Salah satu kuil yang sempat saya kunjungi bersama delegasi dari sejumlah negara ketika berada di Kyoto adalah kuil Kiyomizu-dera, sebuah kuil tua milik sekte Hosso dalam agama Buddha. Memang, Hosso hanya sebuah sekte kecil yang berkembang sekitar tahun 657 yang didirikan oleh biksu Dosho dari Cina. Tetapi, jangan anggap remeh. Kompleks kuil ini terbilang sangat luas dengan memanfaatkan kontur alam yang luar biasa indahnya. Luasnya tak kurang dari 130,000 meter persegi dengan lebih dari 30 bangunan di dalamnya, terletak di atas sebuah perbukitan. Begitu pentingnya objek wisata ini sehingga jika kita tidak dalam rombongan wisata, kita tidak perlu khawatir karena tersedia bus umum nomor 206 atau 207 tujuan Kiyomizu-michi atau Gojo-zaka yang menuju objek wisata ini—tentu saja kita tetap harus berjalan sekitar 10 menit karena lokasinya tertutup untuk didaki kendaraan.



Bangunan utama di Kiyomizu-dera, dengan
latar belakang pemandangan kota Kyoto.
Namun, kita tidak perlu khawatir akan merasa lelah atau bosan, sebab selama berjalan mendaki itu, mata kita akan dipuaskan oleh sederetan toko suvenir yang menarik dan mengusik nafsu belanja kita. Mulai dari suvenir kain sutra, boneka tradisional, aneka model samurai, atau porselen Kiyomizu-yaki yang sangat khas; hingga aneka makanan khas seperti es krim rasa teh hijau. Tapi, tahan dulu. Sebaiknya nafsu berbelanja suvenir kita simpan hingga kita menuntaskan maksud tujuan ke tempat ini: Kiyomizu-dera!

Sesampainya di gerbang utama Kiyomizu-dera, hal pertama yang tampak di sisi kiri adalah kandang kuda kuno yang biasa digunakan oleh mereka yang datang untuk bersembahyang kepada Kannon. Dan, sebelum sampai ke kuil utama, Anda harus melewati Nio-mon atau Gerbang Raja-raja Dewa, yang melindungi kuil dari kejahatan.
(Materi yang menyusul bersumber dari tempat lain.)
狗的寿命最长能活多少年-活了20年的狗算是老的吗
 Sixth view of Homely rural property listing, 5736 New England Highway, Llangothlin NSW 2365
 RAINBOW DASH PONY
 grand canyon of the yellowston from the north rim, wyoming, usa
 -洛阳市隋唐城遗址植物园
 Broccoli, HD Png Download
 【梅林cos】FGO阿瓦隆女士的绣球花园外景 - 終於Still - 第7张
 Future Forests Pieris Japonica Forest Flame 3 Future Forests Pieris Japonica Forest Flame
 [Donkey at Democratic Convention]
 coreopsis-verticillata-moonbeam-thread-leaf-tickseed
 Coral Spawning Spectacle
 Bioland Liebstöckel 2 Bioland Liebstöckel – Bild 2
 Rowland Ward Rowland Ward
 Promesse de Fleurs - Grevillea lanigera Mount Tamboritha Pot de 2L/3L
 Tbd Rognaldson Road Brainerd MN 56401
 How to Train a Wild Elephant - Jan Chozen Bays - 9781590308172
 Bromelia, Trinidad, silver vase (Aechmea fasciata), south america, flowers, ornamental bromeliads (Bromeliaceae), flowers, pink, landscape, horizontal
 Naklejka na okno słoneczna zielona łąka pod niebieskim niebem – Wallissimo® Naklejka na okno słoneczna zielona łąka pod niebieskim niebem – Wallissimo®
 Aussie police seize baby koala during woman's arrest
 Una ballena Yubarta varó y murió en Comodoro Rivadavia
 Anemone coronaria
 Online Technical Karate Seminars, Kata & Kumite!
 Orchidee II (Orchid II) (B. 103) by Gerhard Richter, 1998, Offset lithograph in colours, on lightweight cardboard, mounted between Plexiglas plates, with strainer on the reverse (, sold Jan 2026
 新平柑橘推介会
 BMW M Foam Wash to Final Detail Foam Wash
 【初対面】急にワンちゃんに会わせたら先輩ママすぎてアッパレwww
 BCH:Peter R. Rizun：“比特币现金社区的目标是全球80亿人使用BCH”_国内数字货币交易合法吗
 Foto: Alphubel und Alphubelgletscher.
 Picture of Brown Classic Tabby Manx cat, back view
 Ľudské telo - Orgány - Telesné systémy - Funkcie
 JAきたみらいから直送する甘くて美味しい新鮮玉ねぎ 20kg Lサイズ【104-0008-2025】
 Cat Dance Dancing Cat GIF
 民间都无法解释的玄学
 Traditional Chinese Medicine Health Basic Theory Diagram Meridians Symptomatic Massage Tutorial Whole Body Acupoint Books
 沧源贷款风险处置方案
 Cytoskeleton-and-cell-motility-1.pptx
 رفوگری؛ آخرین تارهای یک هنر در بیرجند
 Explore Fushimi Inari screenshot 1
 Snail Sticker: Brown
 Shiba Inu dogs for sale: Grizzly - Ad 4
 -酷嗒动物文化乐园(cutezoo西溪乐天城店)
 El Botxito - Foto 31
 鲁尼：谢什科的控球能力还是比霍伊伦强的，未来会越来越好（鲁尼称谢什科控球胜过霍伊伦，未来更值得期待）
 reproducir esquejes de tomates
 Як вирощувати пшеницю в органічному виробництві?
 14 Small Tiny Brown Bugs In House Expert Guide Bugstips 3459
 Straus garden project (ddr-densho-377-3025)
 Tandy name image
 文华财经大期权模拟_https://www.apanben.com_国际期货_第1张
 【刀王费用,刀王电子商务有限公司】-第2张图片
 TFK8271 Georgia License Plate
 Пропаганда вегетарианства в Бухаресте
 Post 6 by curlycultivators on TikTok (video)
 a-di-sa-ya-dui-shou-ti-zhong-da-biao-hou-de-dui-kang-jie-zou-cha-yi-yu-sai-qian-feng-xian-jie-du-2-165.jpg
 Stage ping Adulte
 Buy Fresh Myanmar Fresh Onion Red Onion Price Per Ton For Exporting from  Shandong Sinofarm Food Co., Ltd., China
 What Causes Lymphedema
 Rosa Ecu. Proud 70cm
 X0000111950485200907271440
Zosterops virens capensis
Raja Dewa di sebelah kanan mulutnya terbuka, seperti mengucap "A", bunyi pertama dari bahasa Sanskrit, sedangkan mulut yang lain tertutup seperti mengucap "UN", bunyi terakhir. Jadi, artinya para raja dewa mewakili ajaran Buddha secara komplet.

Kuil yang dibangun lebih dari 1200 tahun lalu ini tercatat dalam daftar World Cultural Heritage yang dikeluarkan oleh UNESCO pada Desember 1994. Meski demikian, kebanyakan bangunan yang ada sudah tidak asli karena kuil ini sempat hancur dan beberapa kali mengalami pemugaran. Kuil ini dibangun pada 798, tetapi bangunan yang ada sekarang adalah hasil pemugaran dari tahun 1633 atas prakarsa Shogun Iemitsu Tokugawa.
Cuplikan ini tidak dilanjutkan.